Data extract section start

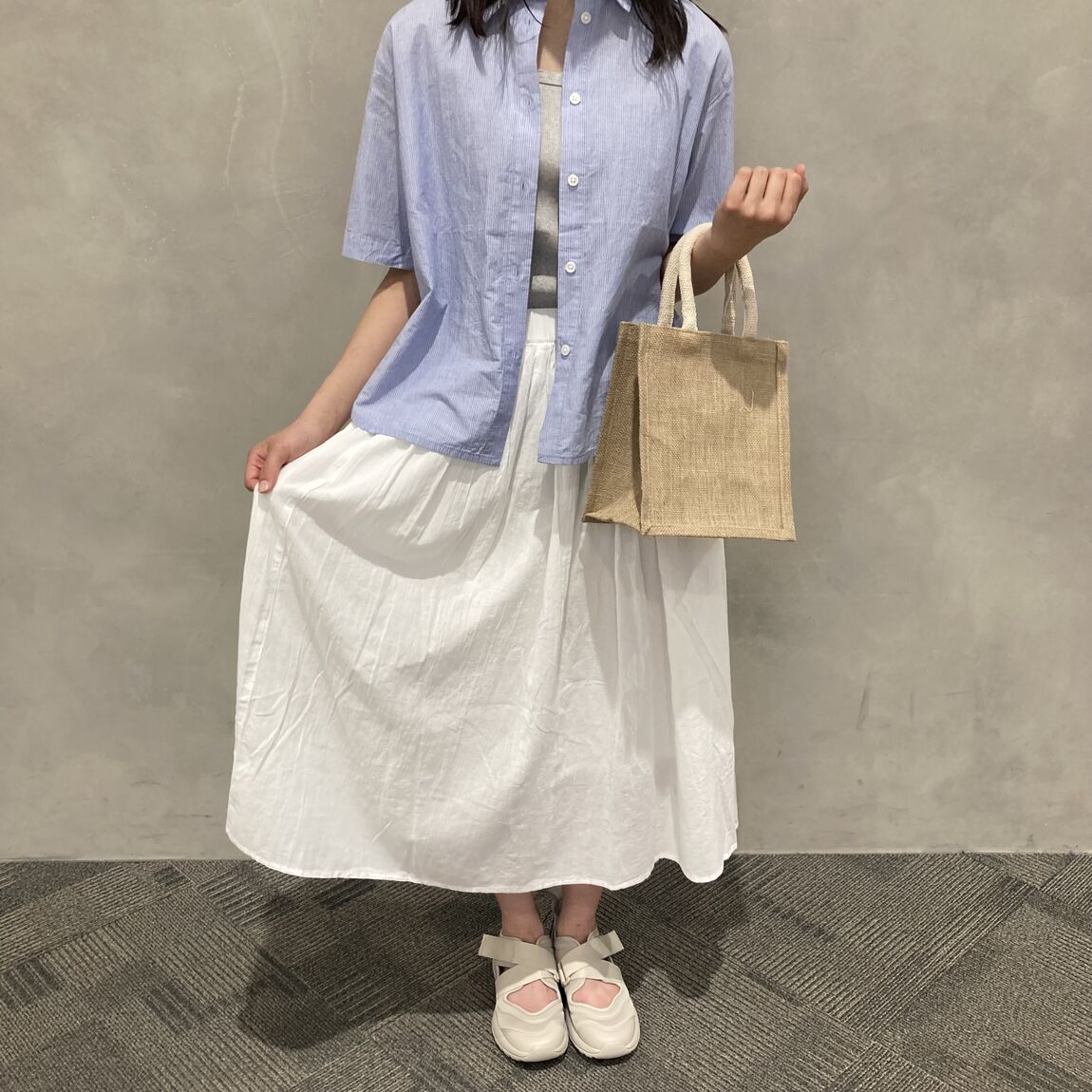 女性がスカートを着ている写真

Data extract section end
Data extract section start

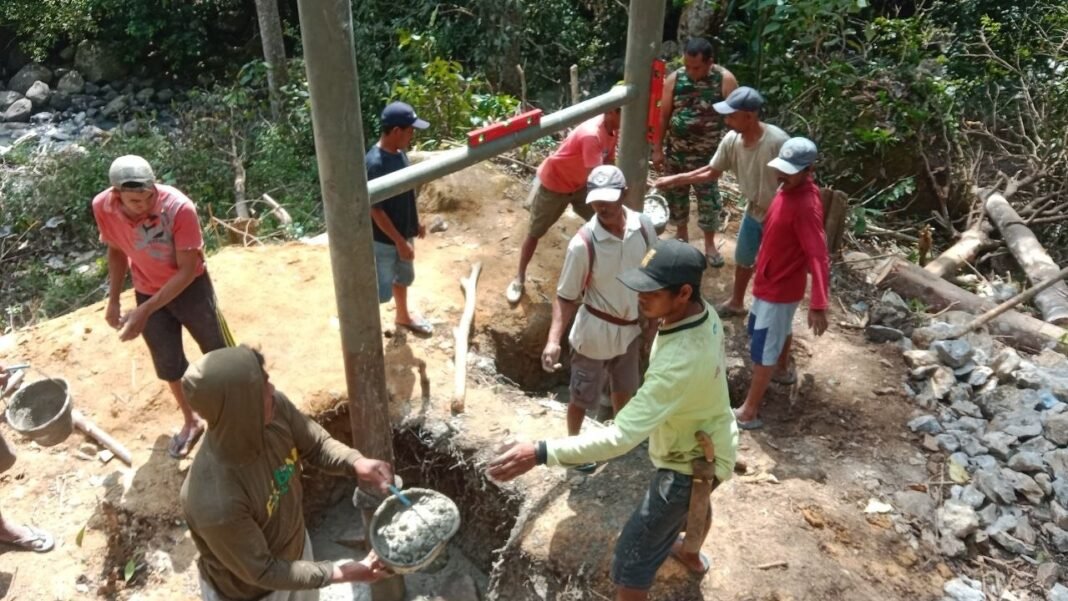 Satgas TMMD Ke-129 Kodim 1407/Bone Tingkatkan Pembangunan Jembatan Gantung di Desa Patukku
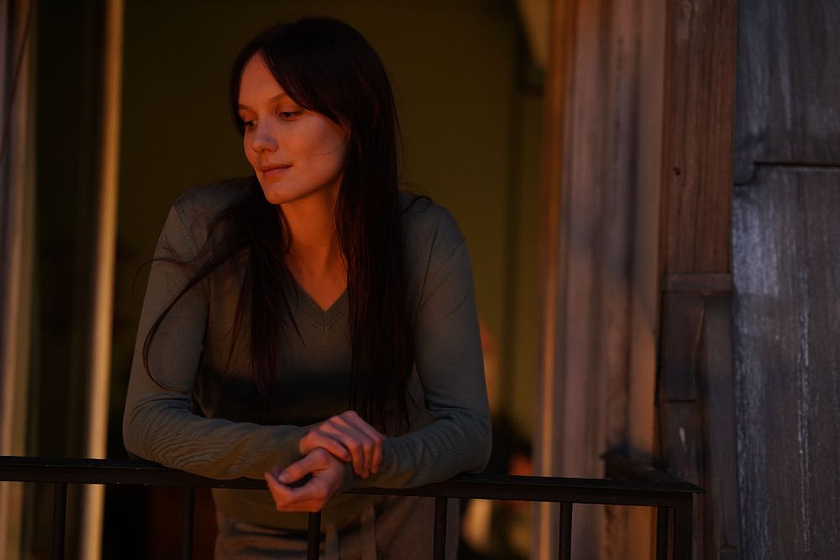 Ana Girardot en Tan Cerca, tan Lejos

Data extract section end

From the records above, transcribe only the stretch from the line with "Satgas TMMD Ke-129" through the line with "Ana Girardot en Tan Cerca, tan Lejos", keeping both ends. Omit pictures.

 Satgas TMMD Ke-129 Kodim 1407/Bone Tingkatkan Pembangunan Jembatan Gantung di Desa Patukku
 Ana Girardot en Tan Cerca, tan Lejos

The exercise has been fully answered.